When a PCollection is supplied as a side input to a PTransform, it is necessary to indicate whether the entire PCollection should be made available as a PTransform side argument (in the form of an iterable), or whether just one value should be pulled from the PCollection and supplied as the side argument (as an ordinary value).

Wrapping a PCollection side input argument to a PTransform in this container (e.g., data.apply(‘label’, MyPTransform(), AsIter(my_side_input) ) selects the former behavor.

element_type
class apache_beam.pvalue.AsList(pcoll)[source]

Bases: apache_beam.pvalue.AsSideInput

Marker specifying that an entire PCollection is to be used as a side input.

Intended for use in side-argument specification—the same places where AsSingleton and AsIter are used, but forces materialization of this PCollection as a list.

Parameters:pcoll – Input pcollection.
Returns:An AsList-wrapper around a PCollection whose one element is a list containing all elements in pcoll.
class apache_beam.pvalue.AsDict(pcoll)[source]

Bases: apache_beam.pvalue.AsSideInput

Marker specifying a PCollection to be used as an indexable side input.

Intended for use in side-argument specification—the same places where AsSingleton and AsIter are used, but returns an interface that allows key lookup.

Parameters:pcoll – Input pcollection. All elements should be key-value pairs (i.e. 2-tuples) with unique keys.
Returns:
An AsDict-wrapper around a PCollection whose one element is a dict with
entries for uniquely-keyed pairs in pcoll.
class apache_beam.pvalue.EmptySideInput[source]

Bases: object

Value indicating when a singleton side input was empty.

If a PCollection was furnished as a singleton side input to a PTransform, and that PCollection was empty, then this value is supplied to the DoFn in the place where a value from a non-empty PCollection would have gone. This alerts the DoFn that the side input PCollection was empty. Users may want to check whether side input values are EmptySideInput, but they will very likely never want to create new instances of this class themselves.

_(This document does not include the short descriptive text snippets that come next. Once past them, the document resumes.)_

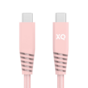 XQISIT C&acirc;ble Tress&eacute; USB-C vers USB-C 3.1 200cm - Rose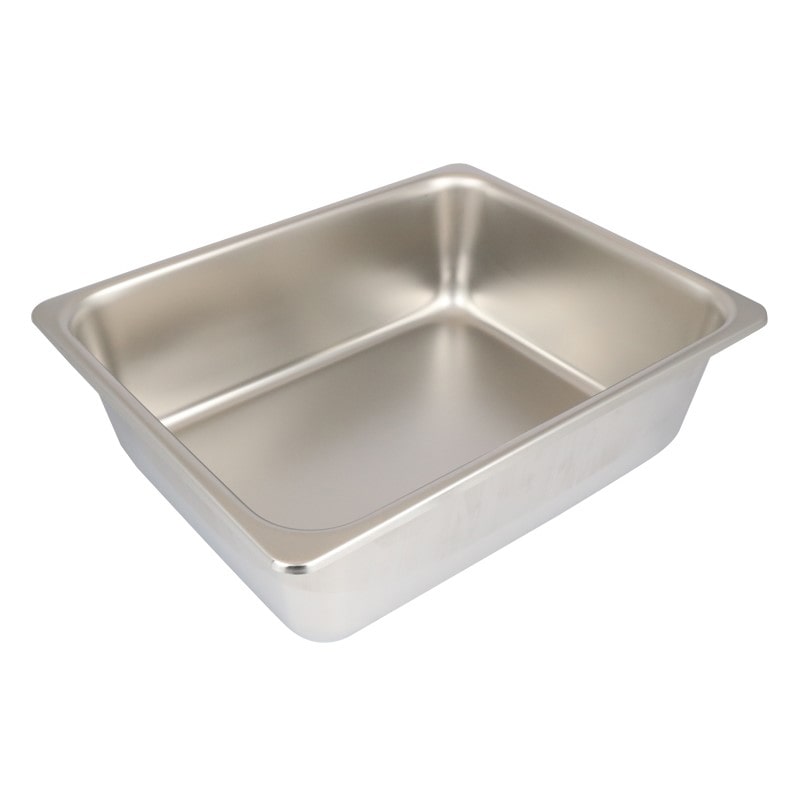 スギコ産業 18-8 ホテルパン 1／2サイズ H100mm SA2000-SH-1504 1個（ご注文単位1個）【直送品】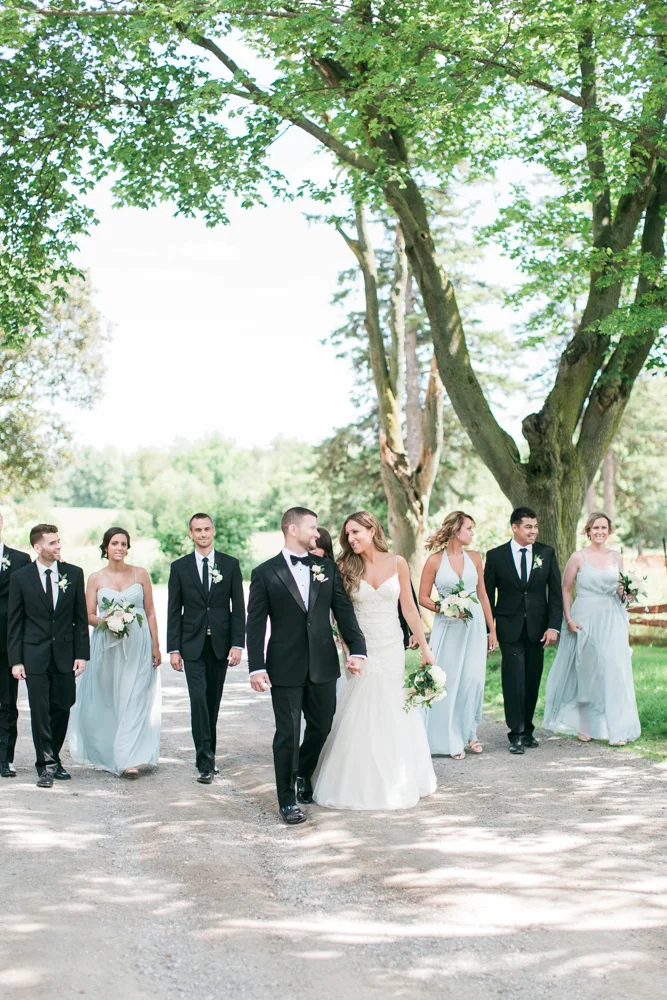 bridal party photos at scotsdale farm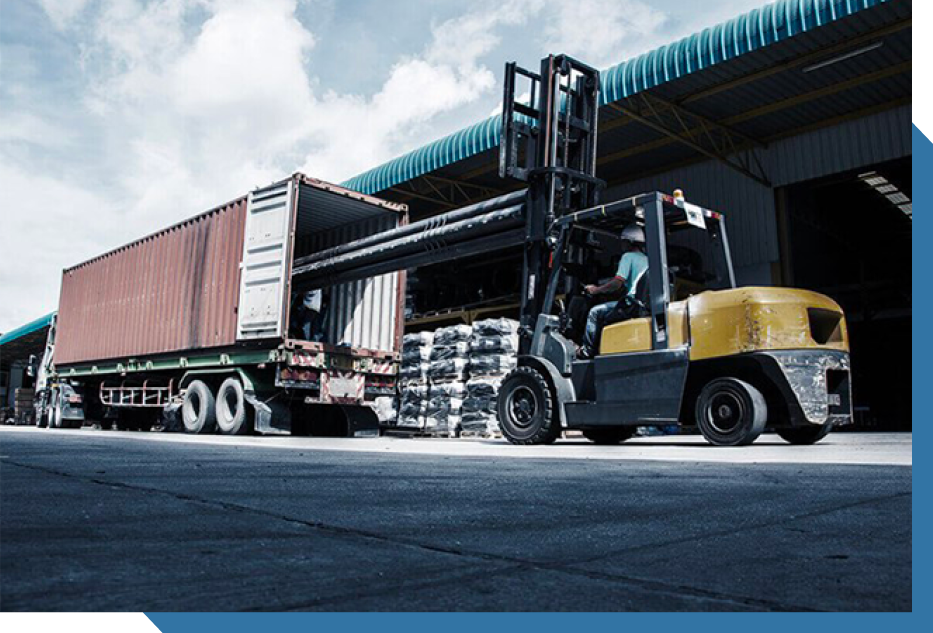 CCL Logistics & Technology Truck being loaded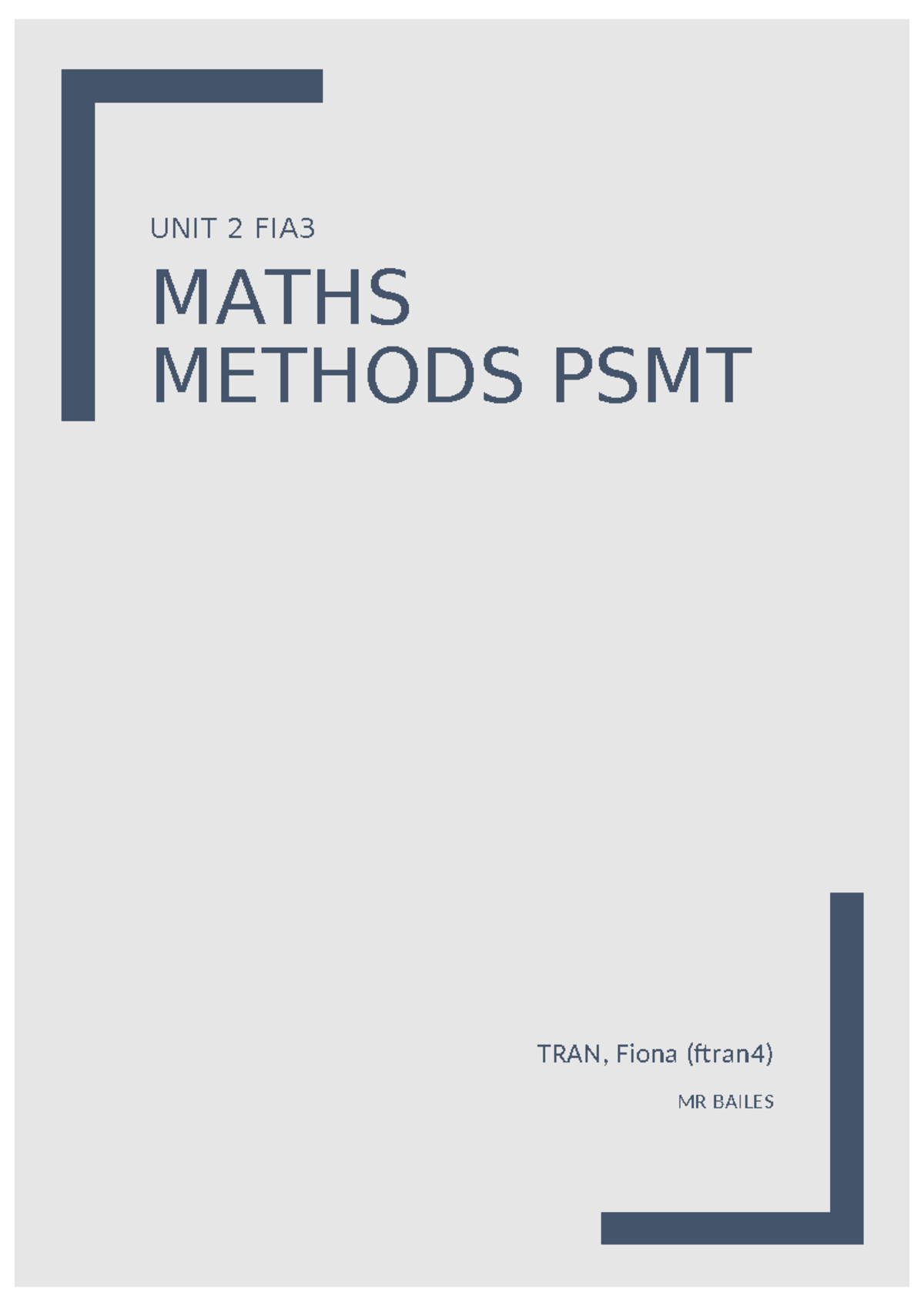 FIA3 Final Exam Methods PSMT: Modeling Ruler Vibration Analysis - Studocu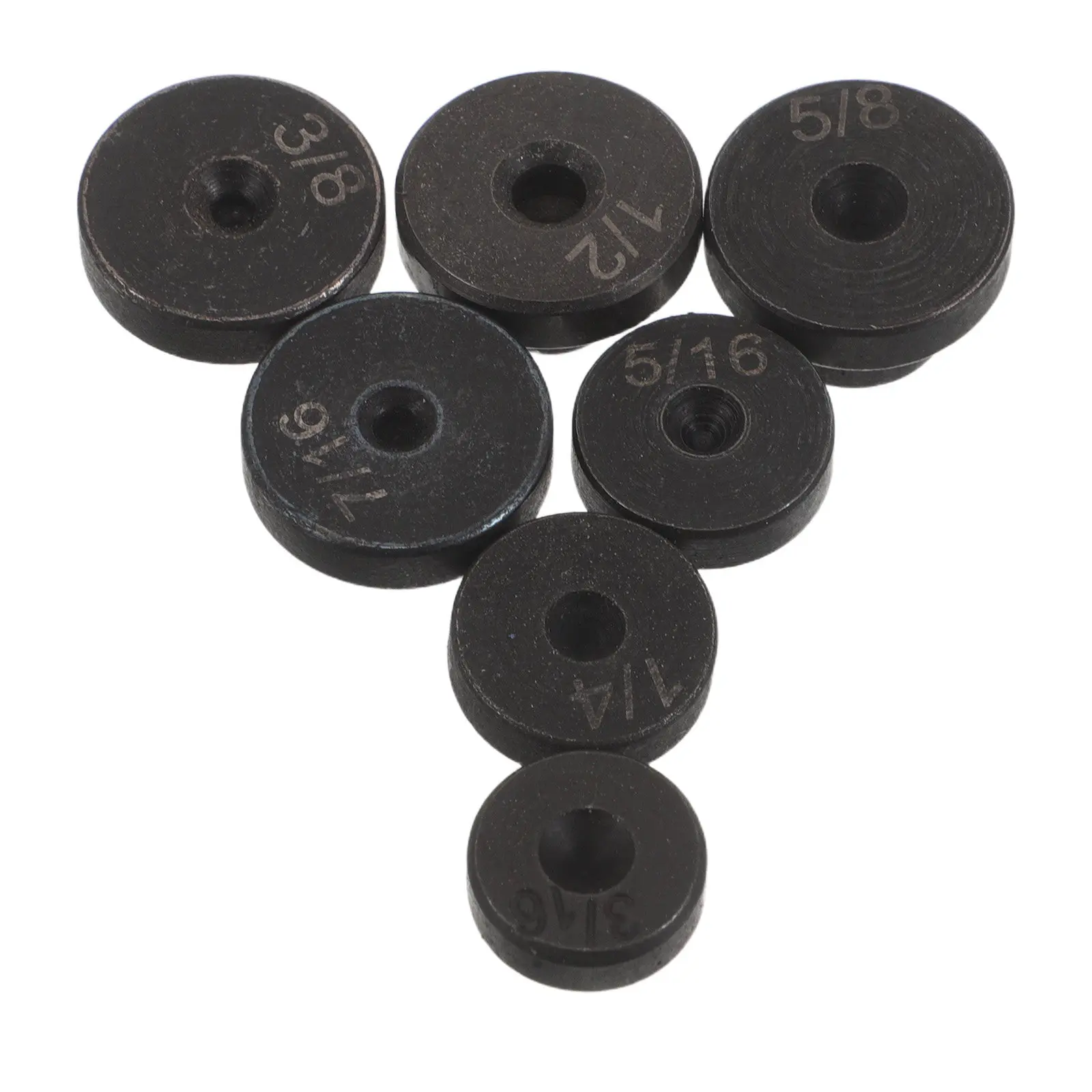 7Pcs Precision Carbon Steel Punch Expanding Drill Bit Set Brake Line Flaring Tool Replacement Dies for Automotive Motorcycle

apache_beam.version module

Apache Beam SDK version information and utilities.

Module contents

Apache Beam SDK for Python.

Apache Beam <https://beam.apache.org/> provides a simple, powerful programming model for building both batch and streaming parallel data processing pipelines.

The Apache Beam SDK for Python provides access to Apache Beam capabilities from the Python programming language.

Status

The SDK is still early in its development, and significant changes should be expected before the first stable version.

Overview

The key concepts in this programming model are

  • PCollection: represents a collection of data, which could be bounded or unbounded in size.
  • PTransform: represents a computation that transforms input PCollections into output PCollections.
  • Pipeline: manages a directed acyclic graph of PTransforms and PCollections that is ready for execution.
  • Runner: specifies where and how the Pipeline should execute.
  • Reading and Writing Data: your pipeline can read from an external source and write to an external data sink.

Typical usage

At the top of your source file:

import apache_beam as beam

After this import statement

  • transform classes are available as beam.FlatMap, beam.GroupByKey, etc.
  • Pipeline class is available as beam.Pipeline
  • text read/write transforms are available as beam.io.ReadfromText, beam.io.WriteToText

Examples

The examples subdirectory has some examples.